December 22, 2021

Thoughts On Shakespeare’s “Pervasive Presence”

By Stuart Mitchner

“Ah, Shakespeare, Shakespeare! … The great maestro of the human heart!”

—Giuseppe Verdi (1813-1901)

Verdi is so quoted in Saturday’s New York Times under the banner headline “’Hail, Shakespeare’ Resonates Across Italy,” for an article on the opera house opening nights of Macbeth, Falstaff, Othello, and Julius Caesar in Milan, Florence, Naples, and Rome.

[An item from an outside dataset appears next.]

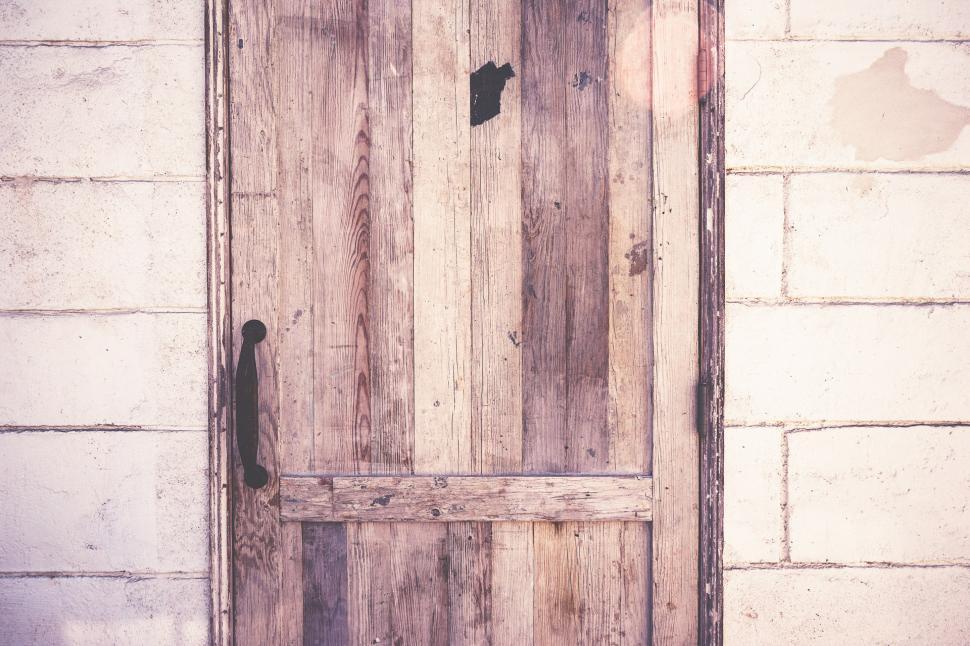 Free Image of Wooden Door With Brick Wall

Above the headline is a lurid panoramic backdrop from David Livermore’s production of Verdi’s Macbeth at the Teatro alla Scala in Milan. Shown in the foreground, a scattered crowd of people in modern dress appear to be waiting for something to happen, like a chorus of citizens anticipating a cue, seemingly unaware of the fantastical urban inferno looming behind them. It’s as if the set designer is trying to visually evoke Harold Bloom’s vision of Macbeth’s “power of contamination.” In the opening chapter of his book Shakespeare: The Invention of the Human, Bloom refers to Shakespeare’s “pervasive presence in the most unlikely contexts: here, there, and everywhere at once. He is a system of northern lights, an aurora borealis visible where most of us will never go. Libraries and playhouses (and cinemas) cannot contain him; he has become a spirit or ‘spell of light,’ almost too vast to comprehend.”

Comic Relief

Shakespeare shows up again in Sunday’s Arts and Leisure section in the form of an immense, darkly foreboding two-page ad for The Tragedy of Macbeth, “written for the screen and directed by Joel Coen.” Looking to keep things cheerful with Christmas only three days away, I went right to the knocking at the gate in Act Two and the Porter’s moment in the spotlight, which Bloom notes as “the first and only comedy allowed in this drama.” Here Shakespeare introduces “a healing touch of nature where Macbeth has intimidated us with the preternatural, and with the Macbeths’ mutual phantasmagoria of murder and power.”

The Porter arrives on the scene, “cheerfully hungover” (as Bloom puts it) while the audience is still reeling from the murder of Duncan; the stage is all his as he and the invisible knocker at the gate play out a duet of sorts. For each barrage of knocking, the Porter has a different riff: the knocker might be a farmer who “hanged himself in expectation of plenty”; or an equivocator who “committed treason enough for God’s sake, yet could not equivocate to heaven”; or maybe it’s an English tailor “come hither, for stealing out of a French hose: come in, tailor; here you may roast your goose.”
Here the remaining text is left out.